# PROBLEM DESCRIPTION:
What is needed is an exact reproduction of the lines in the records below, starting at the line with "Napa Lederen Kantoorbank" and ending at the line with "Toby Keith Ceramic Cookie Jars", both included, and nothing else; pictures stay out.

# MATERIAL SUPPLIED:
● ● ● ● ●

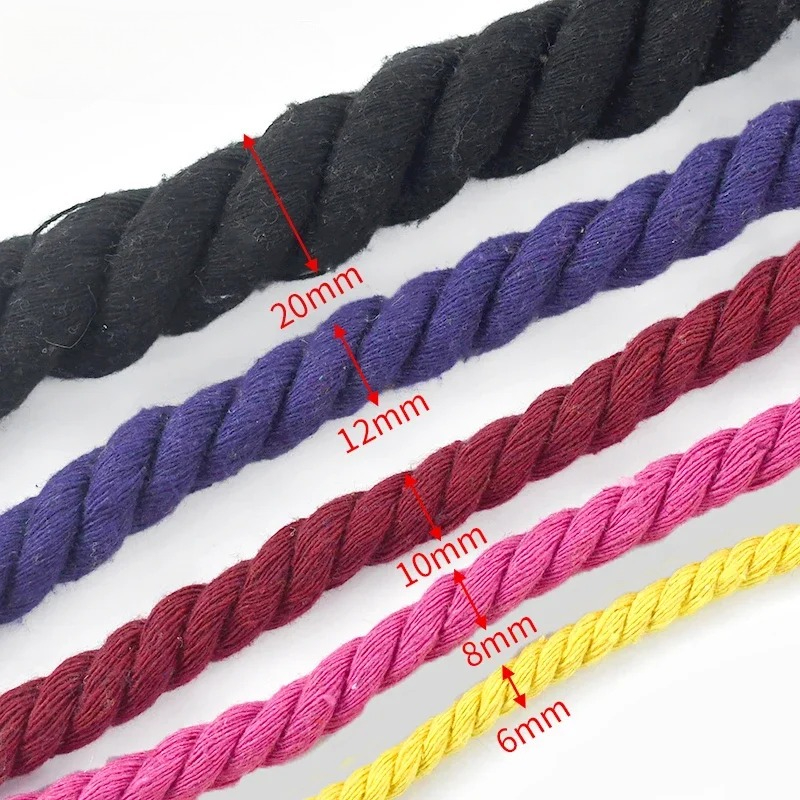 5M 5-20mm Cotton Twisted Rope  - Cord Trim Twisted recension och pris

● ● ● ● ●

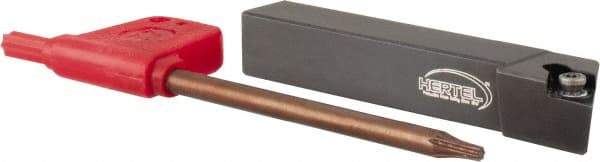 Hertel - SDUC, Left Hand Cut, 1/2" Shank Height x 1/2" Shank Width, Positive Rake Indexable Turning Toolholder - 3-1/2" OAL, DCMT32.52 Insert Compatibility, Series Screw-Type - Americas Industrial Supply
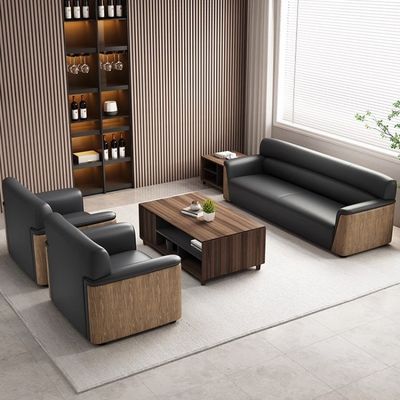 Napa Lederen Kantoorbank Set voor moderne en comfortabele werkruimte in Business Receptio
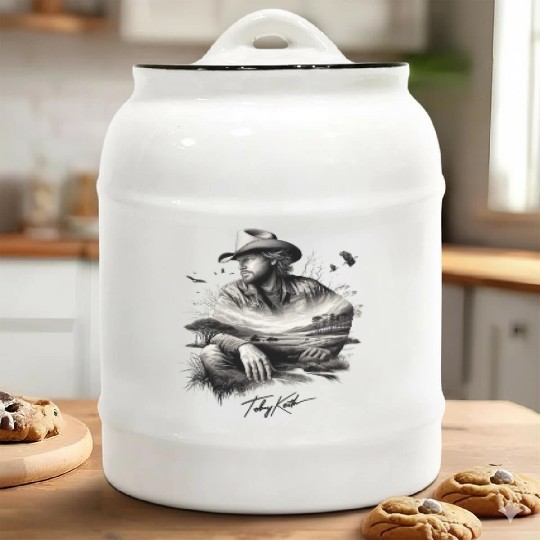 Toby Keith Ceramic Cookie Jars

● ● ● ● ●

# WRITTEN ANSWER:
 Napa Lederen Kantoorbank Set voor moderne en comfortabele werkruimte in Business Receptio
 Toby Keith Ceramic Cookie Jars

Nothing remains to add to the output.